You, all of you gathered here, are living proof of the enduring quality of fandom. You are your own justification for being. You satisfy my concept of fandom, which is simply this: friendship, based on mutual interest. No one could ask for more.
CINCINNATI – 1949
Jack Williamson:
While the characters and plot may have been selected in the first place to illustrate some thematic idea, in the finished story it ought to seem the ether way round – that the story itself is the important thing, from which the theme fellows inevitably but also incidentally.
This intellectual interest in scientific possibilities, examined in the light of all their logical consequences, seems to me what makes science fiction exciting and worthwhile.
I won’t undertake to claim that it’s anything better than the more pretentious literary values offered in other types of fiction. After all, one man’s literary meat can be a pretty dull dish to another. Considering the uses to which such discoveries as the atomic chain reaction are being put, you can’t blame people who prefer to ignore such uncomfortable possibilities so long as they can.
A discussion in which David Kyle questioned a representative group, bringing out various points of general interest, was broadcast on television. Those participating were Fritz Leiber, E. E. Evans, Hannes Bok, E. E. Smith, Jack Williamson, John Grossman, Forrest J. Ackerman, Ted Carnell, Bob Tucker, Erle Korshak, Lloyd Arthur Eshbach, James A. Williams and Dr. C. L. Barrett.
Arthur J. Burks:
I realised one thing during the Convention: that to the fans science fiction was a serious business. To me, I’m ashamed to say, it has always been the means to a quick cheque. I began to realise my responsibility to the fans, to such an extent that I questioned seriously whether I had a right to continue a line that was so much a by-product to me. . . . Hereafter I’ll wait until I have a story instead of merely cooking up a yarn I feel will fetch in some bread, bacon and beans. I owe the fans much for this lesson. Hereafter, though it may be visible only to the very discerning, my science fiction yarns will have theme, meaning, purpose – and somewhat less nebulous gadgetry.
LONDON – 1951
E. J. Carnell:
Although the past eight North American Conventions have been called “World” conclaves, to Britain has gone the initial honour of holding the first truly International gathering. Geographical location made it an easier project for the London Committee responsible for the highly successful two-day meeting held in the muralled ballroom of the Royal Hotel over the weekend of May 12 - 13.

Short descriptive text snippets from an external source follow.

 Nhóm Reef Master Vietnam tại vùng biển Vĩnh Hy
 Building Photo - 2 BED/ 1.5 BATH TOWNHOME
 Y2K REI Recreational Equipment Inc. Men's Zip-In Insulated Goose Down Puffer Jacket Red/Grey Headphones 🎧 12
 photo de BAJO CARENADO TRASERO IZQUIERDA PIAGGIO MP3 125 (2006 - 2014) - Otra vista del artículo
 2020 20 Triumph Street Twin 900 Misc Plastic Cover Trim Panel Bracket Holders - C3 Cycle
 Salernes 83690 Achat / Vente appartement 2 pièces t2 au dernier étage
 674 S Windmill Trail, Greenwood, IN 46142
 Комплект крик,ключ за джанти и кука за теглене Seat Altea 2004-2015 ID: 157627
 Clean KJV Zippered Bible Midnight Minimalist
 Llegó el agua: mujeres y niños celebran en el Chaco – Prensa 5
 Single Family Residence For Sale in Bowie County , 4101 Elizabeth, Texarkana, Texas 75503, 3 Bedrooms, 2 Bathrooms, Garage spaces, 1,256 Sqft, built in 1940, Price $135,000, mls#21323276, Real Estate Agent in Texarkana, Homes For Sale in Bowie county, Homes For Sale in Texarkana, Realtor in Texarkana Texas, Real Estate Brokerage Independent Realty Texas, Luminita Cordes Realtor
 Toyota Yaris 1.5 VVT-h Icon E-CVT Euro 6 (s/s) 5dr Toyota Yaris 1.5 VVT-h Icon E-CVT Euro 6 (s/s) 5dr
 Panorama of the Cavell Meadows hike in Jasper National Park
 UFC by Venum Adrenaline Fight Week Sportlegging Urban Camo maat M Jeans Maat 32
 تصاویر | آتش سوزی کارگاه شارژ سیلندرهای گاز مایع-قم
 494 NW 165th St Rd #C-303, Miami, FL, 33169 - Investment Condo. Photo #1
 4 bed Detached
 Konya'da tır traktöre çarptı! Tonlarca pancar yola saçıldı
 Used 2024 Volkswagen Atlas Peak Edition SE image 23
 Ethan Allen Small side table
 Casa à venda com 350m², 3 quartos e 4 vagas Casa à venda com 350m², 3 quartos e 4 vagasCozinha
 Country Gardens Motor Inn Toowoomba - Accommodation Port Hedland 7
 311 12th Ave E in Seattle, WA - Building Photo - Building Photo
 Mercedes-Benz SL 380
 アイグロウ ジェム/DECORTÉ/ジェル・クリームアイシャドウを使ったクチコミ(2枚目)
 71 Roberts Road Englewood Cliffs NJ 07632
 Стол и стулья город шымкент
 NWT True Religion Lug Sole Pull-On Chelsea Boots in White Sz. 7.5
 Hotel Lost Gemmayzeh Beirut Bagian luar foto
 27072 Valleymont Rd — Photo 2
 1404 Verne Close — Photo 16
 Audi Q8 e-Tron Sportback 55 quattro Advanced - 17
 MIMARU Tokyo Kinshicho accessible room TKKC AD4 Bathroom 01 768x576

Over two hundred delegates from eight countries were able to compare notes and discuss the varying difficulties of their respective countries and make suggestions for each other’s mutual advantage.
Speakers at a special session on international fandom were Lyell Crane (Canada); Forrest J. Ackerman (U.S.A.) ; Georges Gallet (France); Ben Abas (Holland); Sigvard Östlund (Sweden); Walter A. Willis (Ireland); Ken Paynter (Australia); Mrs. Ackerman and Lee Jacobs (U.S.A.).